Editor:
Thank you for drawing community attention to the mental health climate in Humboldt ("Heartbreaking," Feb. 21).
I've lost dear friends in our therapeutic desert up here. Dawn Mulderig, Anthony Sanger: each possessing a special genius, and many more wandering the midnight streets trailing their baggage.
The changes over the years have not been good. County services are ever more like a drug vending machine. The buffering effect on mental crises of human contact is disappearing: more cars than faces, people in check-out lines with ear buds and eyes locked to their phones.
No refuge. No bathrooms. Separators on benches. A yard owner forced by the county to cut the trees along his stream and man on daily patrol so that homeless people cannot hide.
Our society provides less and less in the way of moral guidance, and my own equilibrium would be disrupted if I were living outdoors in weather like this week's.
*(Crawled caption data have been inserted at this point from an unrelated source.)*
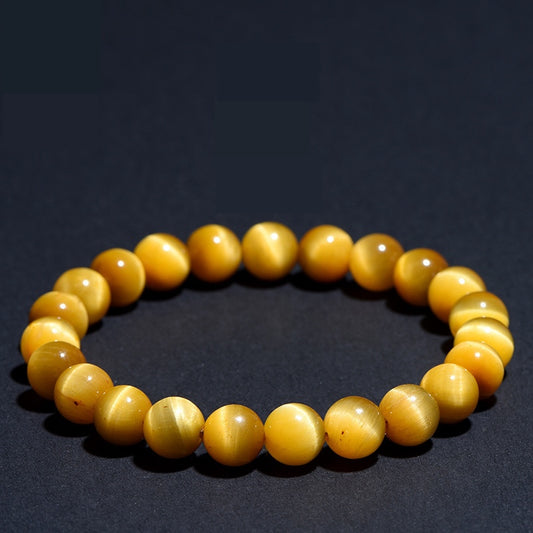 Premium Natural 6A Golden Tiger’s Eye Bracelet – Confidence, Protection, Inner strength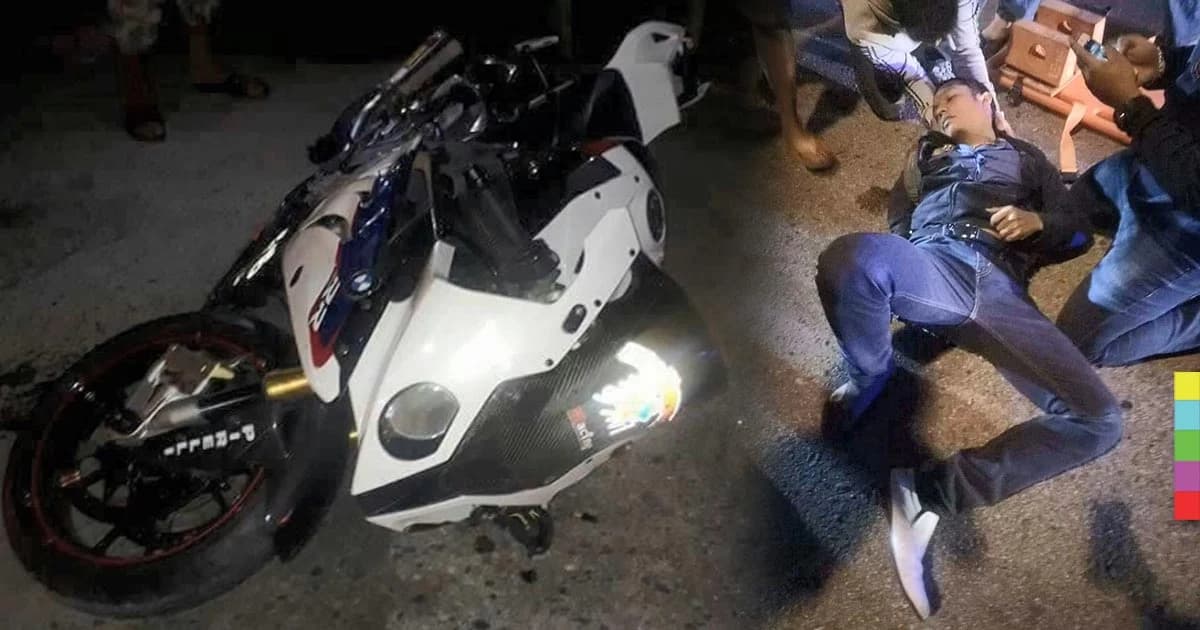 เกือบสิ้นชื่อ “เมฆ มังกรบิน” ซิ่งบิ๊กไบค์โชว์ยกล้อ พลาดพลิกคว่ำบาดเจ็บ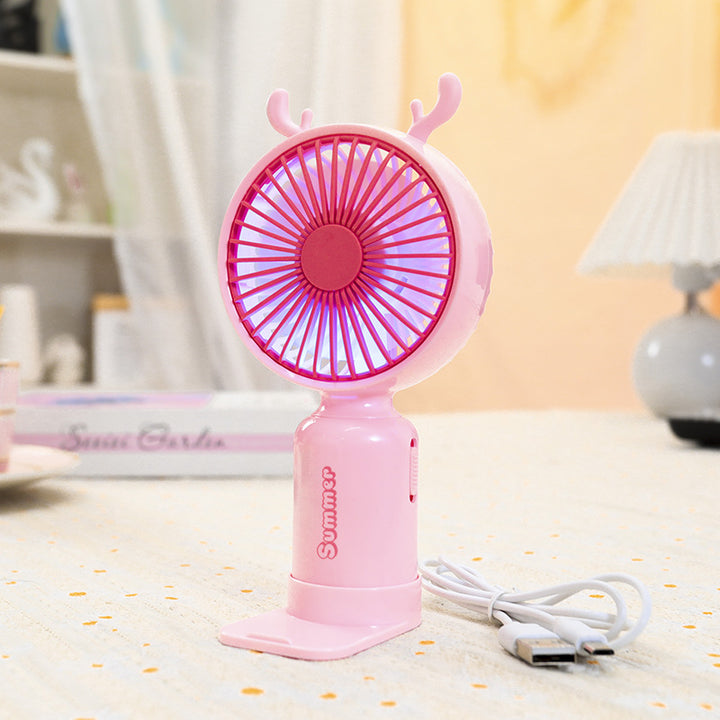 Portable Mini USB Fan with Cute Antennas Bowlift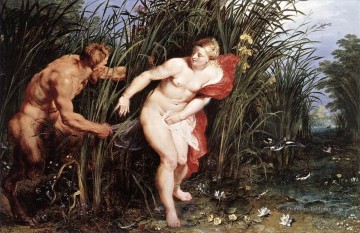 Pan et Syrinx Peter Paul Rubens Nu Peinture à l'huile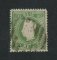 1867/70 - Afinsa nº 31. D. Luís I, fita curva denteado.Selo de 50 reis usado. Este selo foi redenteado.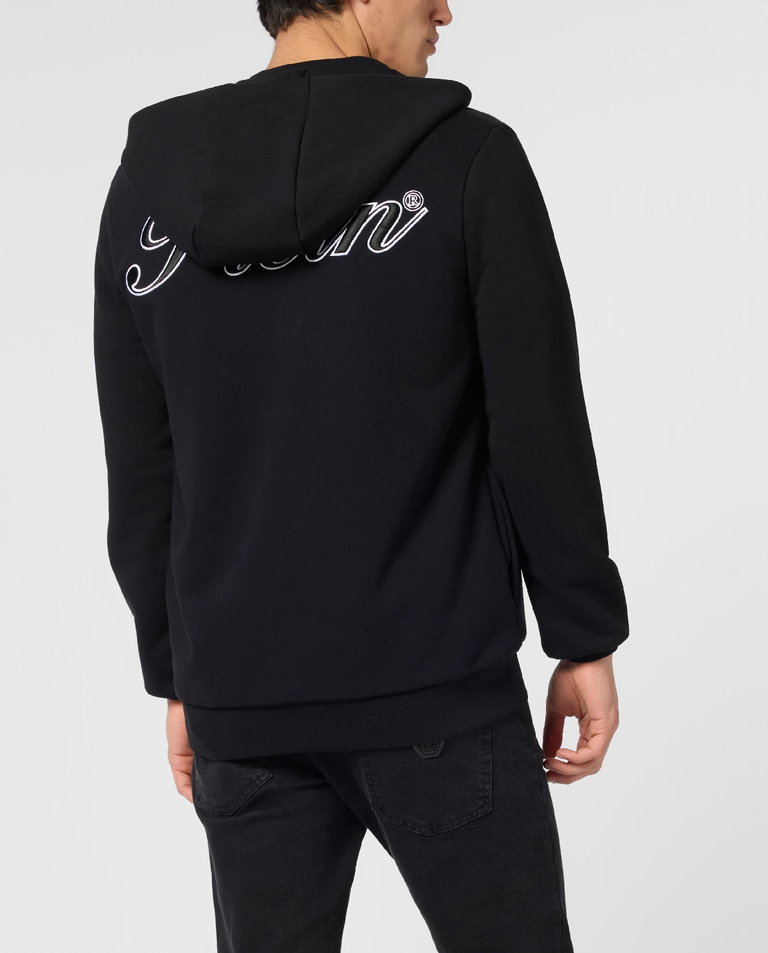 Czarna bluza z kapturem Signature - Image #3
Your articles hinted at long-term hospitalization for the mentally ill but, remember, these institutions were called "snake pits" back when Gov. Reagan opened their doors.
Thank you for appealing to our own vestigial impulses of brotherly/sisterly love. As the sociologist Emil Durkheim remarked, "Individuals are too closely involved in the life of a society for it to be sick without their being affected. Its suffering inevitably becomes theirs."